Political party

I am not a fan of political party conferences

David Linden: I’m not a fan of political party conferences

This is probably not what my party press office wants me to say on the eve of the opening of the SNP conference, but I will let you in on a secret: I don’t like party conferences.

I have been attending my own party’s annual conferences for nearly two decades now, but the prospect of spending three days in a windowless auditorium, endlessly applauding speeches with which you deeply agree and echoing thoughts widely and similar ideas with colleagues doesn’t strike me as being a great use of time.

Besides being a kind of petri dish for autumnal colds and a terrible backpacking vacation for political journalists, the conferences have three main objectives: to raise funds for the party coffers, to encourage activists to go out and to campaign and, finally, to capitalize on the media. coverage by spreading your party’s message.

If you’re a politician like me, party conference season can be very consuming. Who is standing? Who’s down? Whose speech has it collapsed? Who said something outrageous to a reporter after too many glasses of wine at a late-night sideline meeting?

Conference season is basically like Glastonbury for politicians, but the toilets aren’t that bad.

However, conferences can only be considered a success if your party’s main message reaches voters.

It would be fair to say that the Conservative Party Conference in Birmingham this week was a total car accident. I lost count of the number of blunders, squabbles and U-turns that occurred in Brum.

In reality, the Tory conference was always going to be tough after the UK government served up a not-so-mini budget, which turned out to be as popular as a pickle on a McDonald’s cheeseburger.
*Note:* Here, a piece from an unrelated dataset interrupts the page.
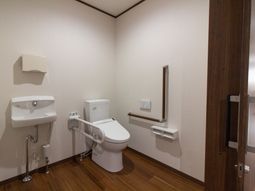 清潔な洗面トイレ空間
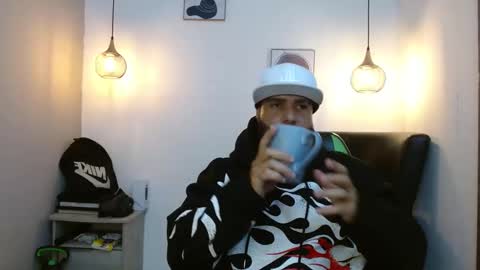 Snapshot of apolo_ryder chatting on May 2026 10:26:02 PM APOLO online show from May 2026 10:26:02 PM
If you’ve been following the media coverage of the budget statement, the most criticized decision was to cut the top tax rate from 45p a pound to 40p. This would have resulted in a millionaire receiving a £55,000 income tax cut. Such a move would have cost the UK Treasury around £2bn in total.
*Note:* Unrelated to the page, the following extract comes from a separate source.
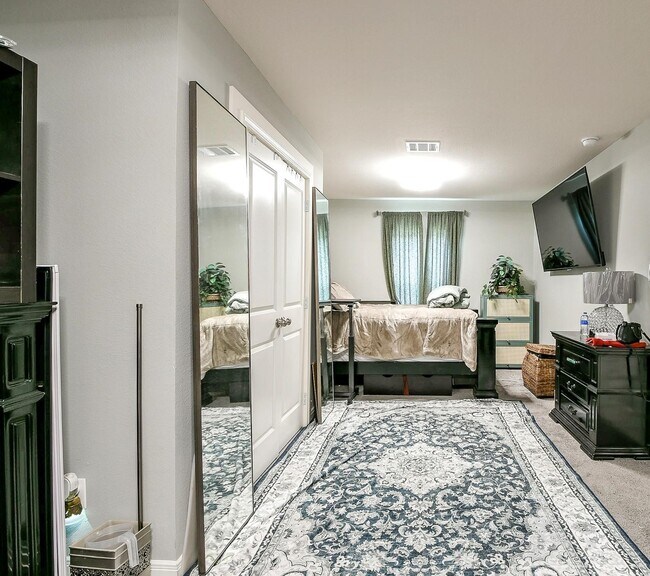 Building Photo - 10131 Cerritos dr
My own opposition to the tax cut for the highest earners was not just the fact that the Treasury could have spent the £2billion to help fund hospitals, schools and councils better.

Basically, it was the political symbolism of Tories doing what Tories do best – packing the nests of their wealthy friends and donors while Joe Public here at home in Glasgow tries to get by on just two hot meals each day instead of three.

After a rather disastrous press tour on Sunday morning, the Prime Minister and the Chancellor finally decided to abandon their plan to reduce income tax for the wealthiest in society. They concluded that the 45p tax cut diverted attention from their conference message to all the other wonderful things in their tax plan.

So what were they? Lift the cap on bankers’ bonuses, cut corporation tax for big business and reduce stamp duty on properties by up to nearly half a million pounds. Hardly the big answers to the cost of living crisis we face as Glasgowians.

Bundling the tax cut at the higher rate was the right thing to do. However, this only saves £2 billion.

What concerns me the most is the plan to reduce corporate tax from 25% to 19%. It would cost around £18bn, which is far more than the Scottish government spends on the National Health Service in a single year.

The UK government says the reduction in corporation tax will help encourage businesses to set up shop here in the British Isles.

The big problem is that our close neighbour, the Republic of Ireland, already has a corporate tax rate of 12.5%, so there is no point in racing to the bottom on corporate tax cuts. businesses.

Of course, the other attraction for businesses locating in Ireland is that it is a full member of the European Union.

The UK government’s disastrous mini-budget has highlighted why so many have given up on Westminster and are now looking to Scottish independence as the only way to create a fair, just and more equal economy.

So if party conferences are an opportunity to get a message across to the electorate, then the message from the Tories this week comes through loud and clear: Scotland, you need independence because Truss and the Tories are determined to destroy the economy.